The modern human brain

One feature that distinguishes the human brain from those of monkeys and apes is its size. Each hemisphere of the human cerebral cortex has a surface area of approximately 1,840 cm2, compared to approximately 600 cm2 for the chimpanzee, our closest living relative. Analyses of endocasts suggest that the cortical surface of Homo sapiens is dramatically expanded, and is shaped differently, compared to extinct hominin species.

These changes were likely accompanied by alterations in white matter tracts, the brain’s long-range connections. Together, they may have contributed to the emergence of language and other complex cognitive skills. 

Gökberk Alagöz of the Max Planck Institute for Psycholinguistics in Nijmegen tried to confirm the results of a recent study that identified genetic variants associated with expansion of the human cerebral cortex, by examining brain scanning and genomics data from nearly 19,000 individuals, held at the UK Biobank. Their analyses failed to replicate the earlier findings.
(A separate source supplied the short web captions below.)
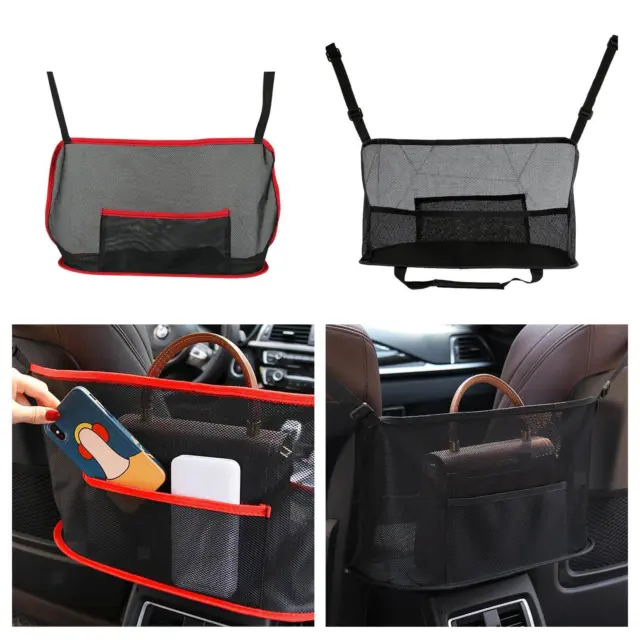 Auto-Netztaschen-Handtaschenhalter Universal-Autositzseite NEUE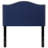 Fitzsimmons Arched Upholstered Headboard with Accent Nail Trim-377993607-377993611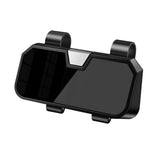 Maxbell Sunglasses Holder for Car Visor Sturdy Portable Eyeglasses Storage Organizer Black
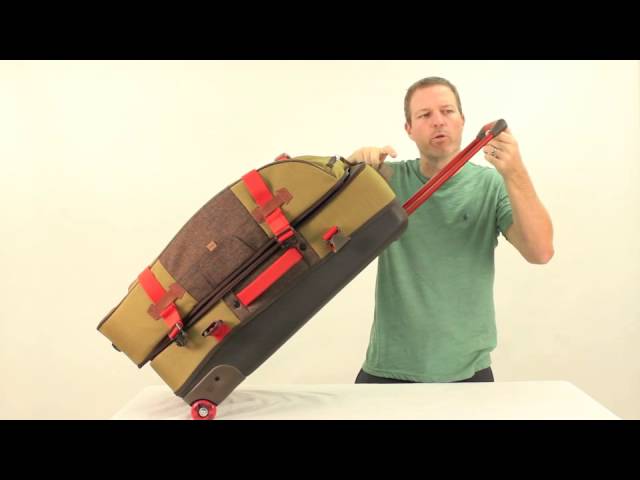 2014 Burton Wheelie Double Deck Travel Bag - YouTube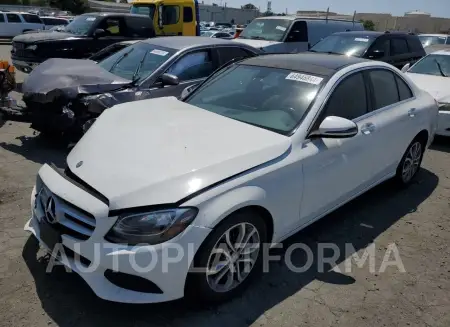 Mercedes-Benz C300 2016 2016 vin 55SWF4JB9GU178113 from auto auction Copart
But the results suggest this may be because, while functions such as language usually depend on circuits that are localized within one brain hemisphere, the earlier study relied on measures that were averaged across both hemispheres. 

With this in mind, Alagöz and his colleagues examined neuroimaging and genetic datasets from more than 30,000 individuals, focusing on 33 measures of regional and global surface area, and looking at each hemisphere separately. They also looked at diffusion MRI data to examine 48 different white matter tracts.

This large-scale neuroimaging genomics approach enabled them to identify genetic variants associated with the surface area of multiple brain regions and with the long-range connections both within and between the left and right hemispheres of the brain.

Genetics linked to brain size

Their analyses revealed that certain gene regulatory sequences associated with the surface area of left hemisphere speech and language regions are enriched in the developing human brain. They also discovered that genetic variants also found in Neanderthals made a far smaller contribution to connectivity of the left uncinate fasciculus, a white matter tract that connects the frontal lobe to the temporal lobe and is involved in language.  

The findings, which are published in the Proceedings of the National Academy of Sciences, suggest that evolution of the human brain involved a gain of regulatory genetic elements in the genome. These
“enhancers” become active in the fetal human brain and function to influence the activity of genes that contribute to the surface area of the cortex, one of these being ZIC4, which is implicated in neurogenesis, or the production of new brain cells.